We don’t want to overstate its importance, but there is some significance to the victory by Juan Pablo Montoya in Sunday’s NASCAR Nextel Cup Toyota/SaveMart 350 race at Infineon Raceway. Namely, Montoya is Hispanic.
He hails from Bogota, Columbia, and was already an accomplished international driver when he came to NASCAR last fall, having won several Formula 1 races and the Indianapolis 500, along with several championships in a professional career spanning more than 10 years. Now in his first full year on the 36-race national U.S. circuit, he brings diversity to the top echelon of a sport often thought to have grown little from its “good ol’ boy” roots.
In fact, NASCAR has many divisions in all regions of the country and is enjoyed, whether in the drivers’ seats or in the stands, by men, women, and youngsters of all backgrounds. Talented drivers are apparent in these lower divisions, which are used by some teams as “farm leagues” for young drivers, whom they sponsor. Some teams even have development programs in those leagues specifically for young drivers from ethnic minorities.

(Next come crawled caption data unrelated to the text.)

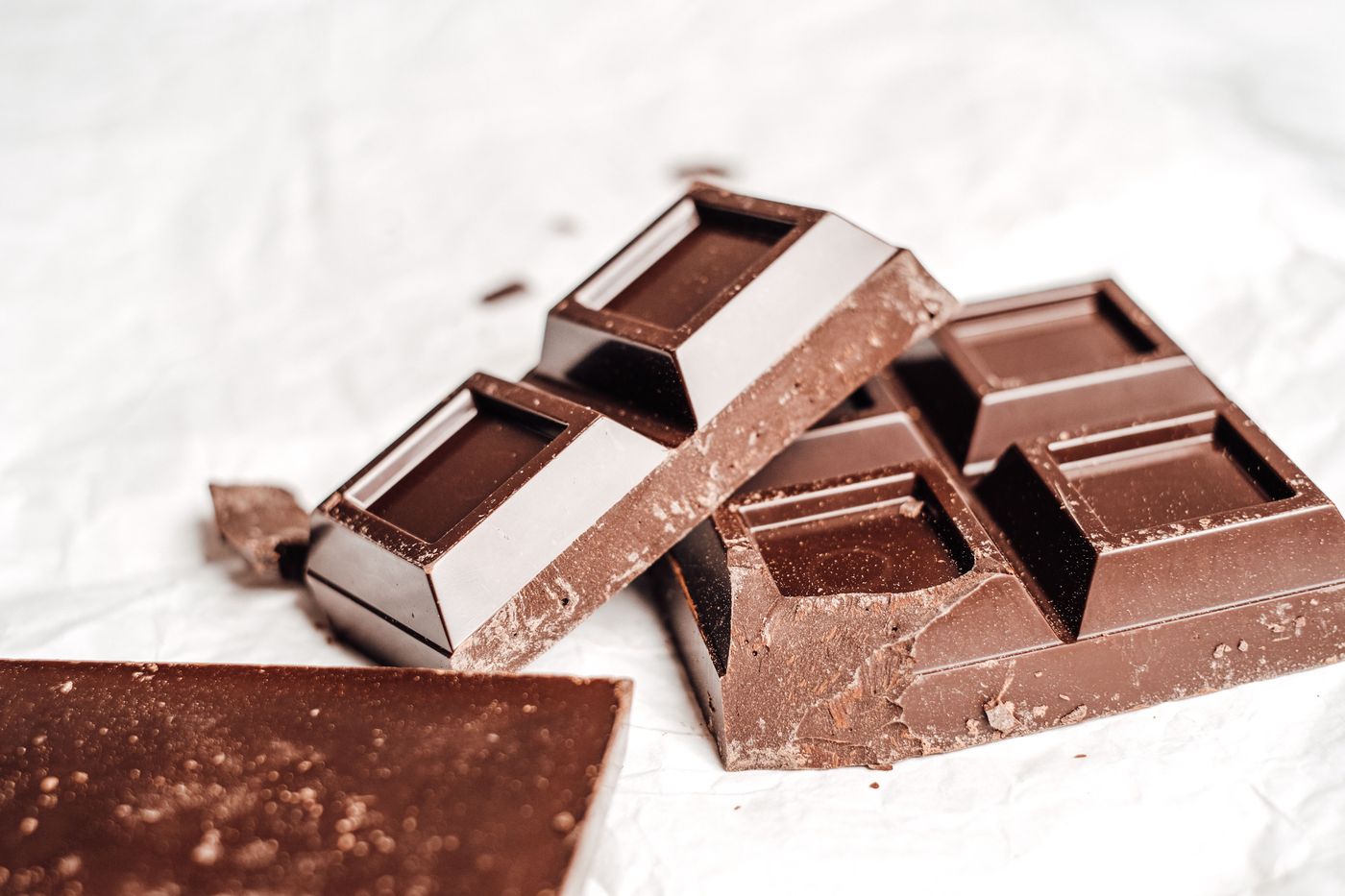 Carrés de chocolat noir cassés posés sur un papier blanc froissé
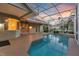 Screened in pool with access to home through multiple doorways and windows at 4879 Brightmour Cir, Orlando, FL 32837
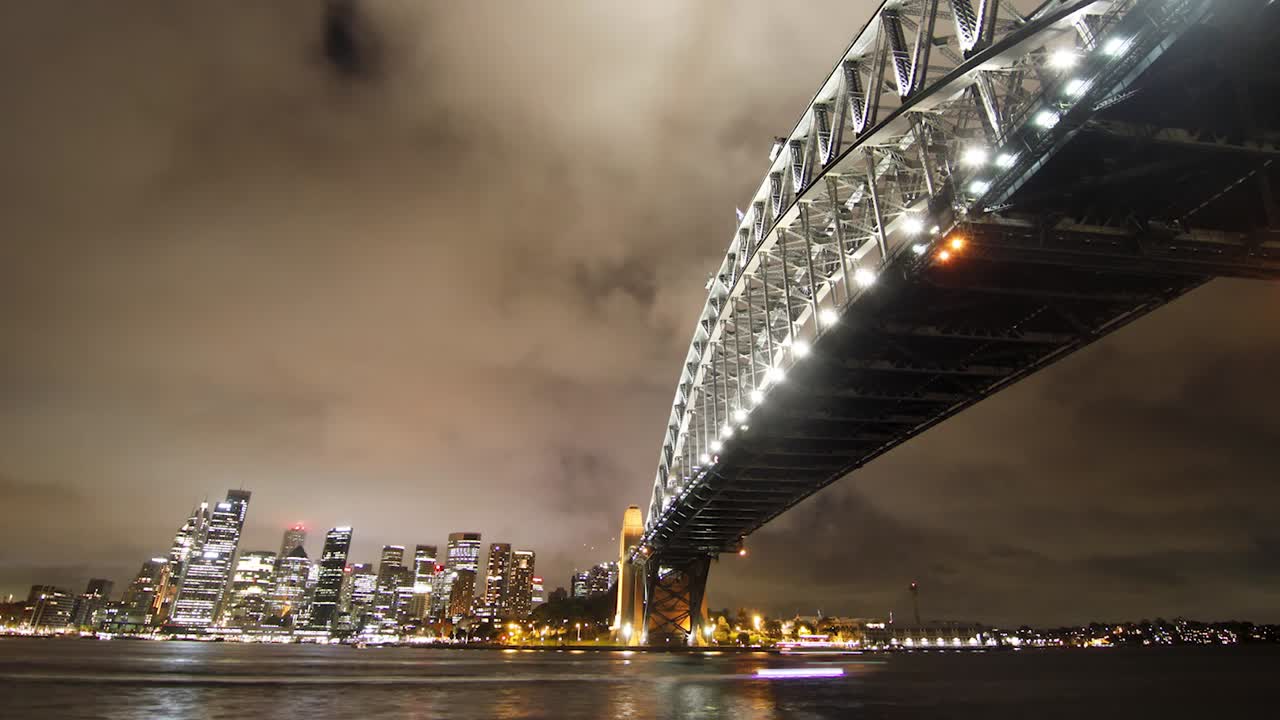 Close view time lapse of the Sydney Harbour Bridge at night.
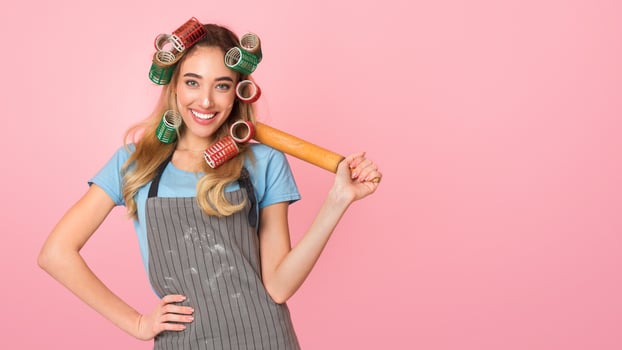 Housewife bakes concept. Happy girl with rolling pin on shoulder and apron smeared with flour photo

Car racing may take money or connections to get started, but like most true sports, it is blind to skin color or language, and in racing that is true even for gender. It is a true meritocracy, where quotas don’t work. What matters is talent, and perseverance. Even for the gifted ones, it simply takes time for drivers to develop, building on experience in different cars and different situations.
NASCAR is particularly conducive to that, with Montoya himself noting how open and helpful his competitors have been, in contrast particularly to Formula One. Here, competitors are friends off the track, happy to provide advice to younger drivers and newer teams. We expect this is important for fans, too, who live vicariously through the drivers. The interactions of the drivers, colleagues in a highly visible business, is both entertaining and reassuring.
So Montoya is a talented driver – now a winning driver in NASCAR. And as it happens, he is Hispanic. Similarly, Englishman Lewis Hamilton in Formula 1 is also breaking new ground. He is winning races (he’s the first since Montoya in 2001 to win in his rookie year), and he happens to be black.
These racers, whether they seek it or not, are role models, literally changing the face of their sport. This is a good thing, as our society becomes more integrated, as ethnic background becomes not the first or foremost factor that shapes life for our youth. Montoya and Hamilton, simply by succeeding in their personal endeavors, make prospects better for others, too, and we wish them both continued success.